Task to carry out
In the listing that follows, the lines starting at the one containing "Black Dice 'Guru'" and ending at the one containing "Map of Le Tourchet" are to be returned exactly, both boundary lines included, and no others.

Entries shown
****************************************

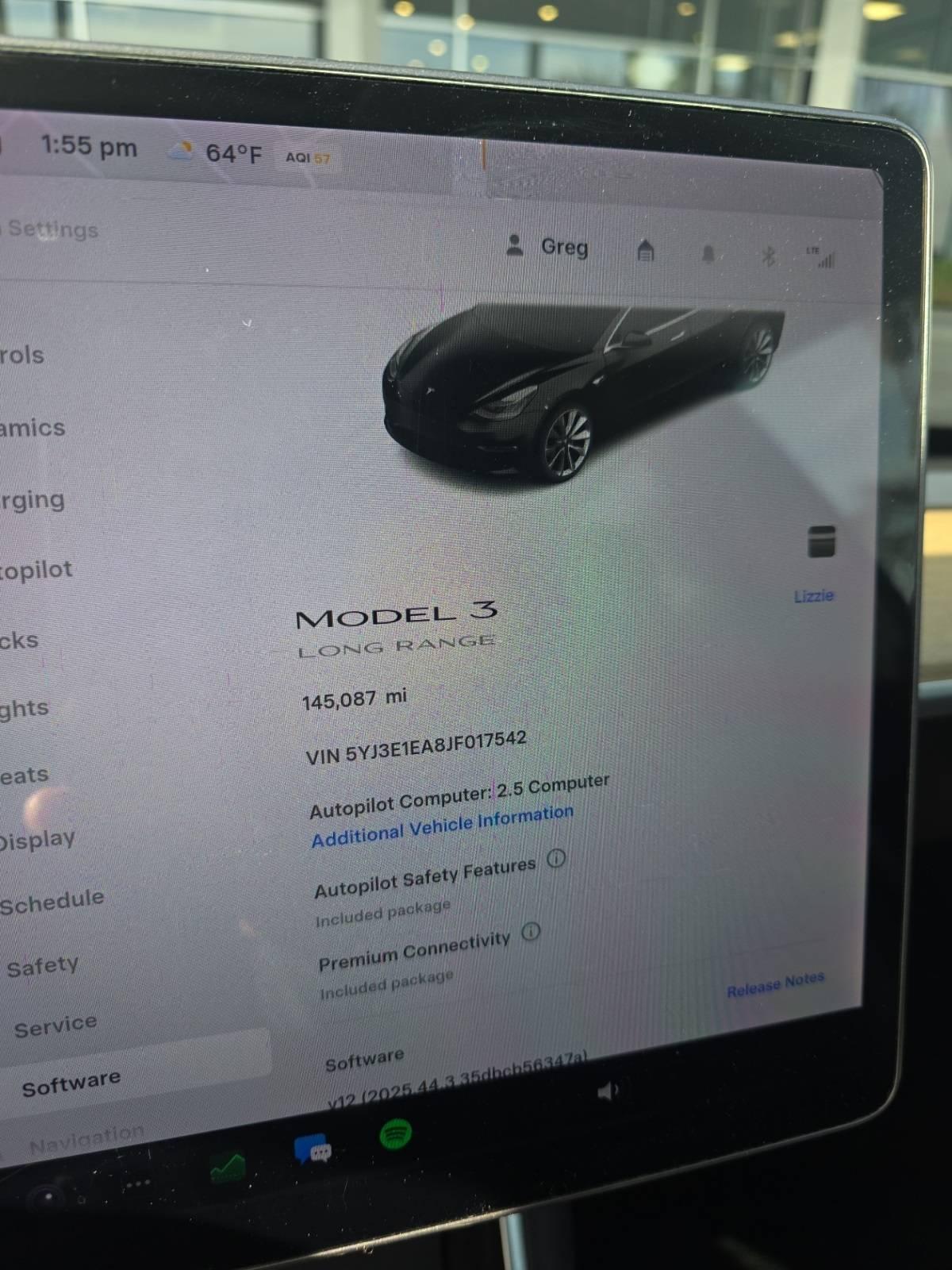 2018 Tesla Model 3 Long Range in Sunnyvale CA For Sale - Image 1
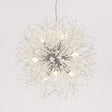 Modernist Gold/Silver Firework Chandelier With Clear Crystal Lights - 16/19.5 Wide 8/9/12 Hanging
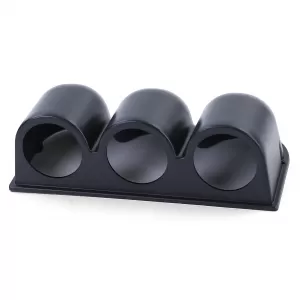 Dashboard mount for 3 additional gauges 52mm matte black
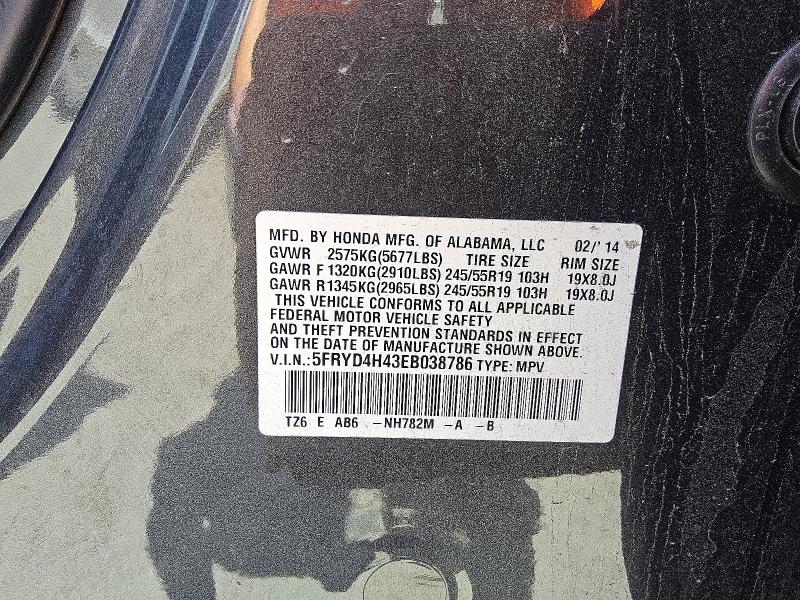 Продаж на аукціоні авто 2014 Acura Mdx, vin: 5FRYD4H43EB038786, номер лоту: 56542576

****************************************

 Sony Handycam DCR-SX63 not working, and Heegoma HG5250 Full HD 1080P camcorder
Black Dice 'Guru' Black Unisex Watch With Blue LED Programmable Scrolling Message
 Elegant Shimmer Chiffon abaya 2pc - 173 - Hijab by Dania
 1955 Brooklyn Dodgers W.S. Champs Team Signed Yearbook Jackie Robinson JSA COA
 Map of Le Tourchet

****************************************

Exercise solution
Black Dice 'Guru' Black Unisex Watch With Blue LED Programmable Scrolling Message
 Elegant Shimmer Chiffon abaya 2pc - 173 - Hijab by Dania
 1955 Brooklyn Dodgers W.S. Champs Team Signed Yearbook Jackie Robinson JSA COA
 Map of Le Tourchet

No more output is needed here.